Saturday, August 7, 2010

Seitan en Croute

I would normally consider the Seitan en Croute from Robin Robertson’s 1000 Vegan Recipes a “Sunday dinner” -- fancier than my typical weeknight fare, a dish that takes more time and concentration to put together. But I had a carton of mushrooms that didn’t look like they’d make it until Sunday, so I decided to suck it up and make it on a Friday! Anyway, Tony is working a rough schedule right now; he's on his feet all day and doesn’t get to eat much more than a couple of Power Bars. So I figured he deserved a nice meal to end his week.

I wanted to serve the seitan pies (croutes?) on a bed of mashed potatoes, covered in a Madeira wine reduction. I made the potatoes early in the day, assisted as always by my helpers Jackson and Olivia. I also took out two loaves of steamed white seitan (recipe from Viva Vegan) from the freezer to thaw.

Later, while the puff pastry thawed for 20 minutes, I made the mushroom stuffing and sliced the seitan into thin pieces. This was my first time using puff pastry. It was easy to roll out between two sheets of parchment paper. I was worried that it would tear while I was assembling the pies, but I did my best not to overfill them and it was OK. Next, the pies needed to firm up in the fridge for 30 minutes, so while that was going on, I made the wine sauce (recipe also from 1000 Vegan Recipes). When Tony got home, all I needed to do was bake the pies for 20 minutes. I brushed the tops with a little soy milk so they would turn a nice golden brown.

So how did they turn out? I thought they looked like giant mushrooms sitting on a mashed potato “stem,” ha! They tasted great. All the flavors blended well. I’m sure you could use any seitan recipe you like or use store-bought. It cooks up very nicely inside its little crust, doesn’t turn slimy or overly chewy (that’s a pet peeve for Tony and me).
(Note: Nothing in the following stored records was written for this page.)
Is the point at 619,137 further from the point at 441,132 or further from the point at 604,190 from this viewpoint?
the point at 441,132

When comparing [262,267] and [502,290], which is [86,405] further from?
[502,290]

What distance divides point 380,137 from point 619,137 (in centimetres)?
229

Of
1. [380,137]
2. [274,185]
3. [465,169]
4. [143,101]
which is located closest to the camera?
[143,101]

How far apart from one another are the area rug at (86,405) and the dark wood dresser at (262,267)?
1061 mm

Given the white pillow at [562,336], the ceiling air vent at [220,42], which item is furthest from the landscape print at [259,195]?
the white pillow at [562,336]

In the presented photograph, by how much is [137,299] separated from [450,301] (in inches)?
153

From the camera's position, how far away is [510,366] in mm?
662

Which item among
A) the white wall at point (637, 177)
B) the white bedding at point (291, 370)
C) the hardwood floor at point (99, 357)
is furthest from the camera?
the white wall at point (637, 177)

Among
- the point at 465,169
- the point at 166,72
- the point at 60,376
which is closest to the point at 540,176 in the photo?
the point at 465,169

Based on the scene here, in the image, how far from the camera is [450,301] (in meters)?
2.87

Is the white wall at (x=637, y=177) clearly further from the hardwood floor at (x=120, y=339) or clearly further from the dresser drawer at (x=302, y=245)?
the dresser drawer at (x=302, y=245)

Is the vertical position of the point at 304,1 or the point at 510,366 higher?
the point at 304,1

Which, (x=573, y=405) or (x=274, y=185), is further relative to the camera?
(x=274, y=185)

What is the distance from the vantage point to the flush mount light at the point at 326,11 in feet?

Since I’m focused on saving money on groceries these days, I would add that the Madeira wine is probably not totally necessary if you don’t feel like splurging on it just to cook with. There’s some in the stuffing, but it doesn’t lend a strong flavor, so I think vegetable broth could be substituted. As for the Madeira sauce, it has a subtle flavor, slightly sweet. Your favorite veggie gravy would also work.
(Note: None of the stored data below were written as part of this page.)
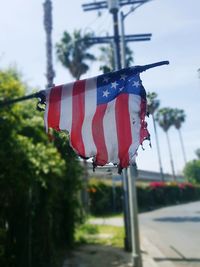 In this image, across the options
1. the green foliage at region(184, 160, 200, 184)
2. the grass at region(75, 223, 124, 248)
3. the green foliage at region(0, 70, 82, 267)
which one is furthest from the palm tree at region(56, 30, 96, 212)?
the green foliage at region(184, 160, 200, 184)

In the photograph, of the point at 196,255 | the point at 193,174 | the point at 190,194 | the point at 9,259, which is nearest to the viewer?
the point at 9,259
Dessert was sort of a non-sequitir after our elegant dinner. None of us has much of a sweet tooth, but I admit I'm a sucker for anything with peanut butter – which is why I made Averie’s high-protein peanut butter chocolate chip cookie dough balls! They've really become a staple in our house. Jackson is a little guy and, while he is not a “picky” eater, he doesn’t eat a LOT, so I want everything he eats to be nutrient-dense. Fortunately he loves peanut butter (wonder where he got that from!) so when I saw Averie’s recipe I had to give it a try. These treats literally take only a couple minutes to assemble, and Jackson really loves them.

Hope you have a great weekend!


  1. I don't have that cookbook, but all the recipes I've seen from it look fantastic. I love my faux meat in bread and in croute.

    Those kids are cute enough to be in commercials.

  2. I *so* want that cookbook! And Vegan On The Cheap too! Your pie looks so yummy and cute, and so do your kids... cute, not yummy! That would be creepy! :D

    The little protein balls look awesome too! I love anything with nut butters, peanut, cashew, almond, it's all good.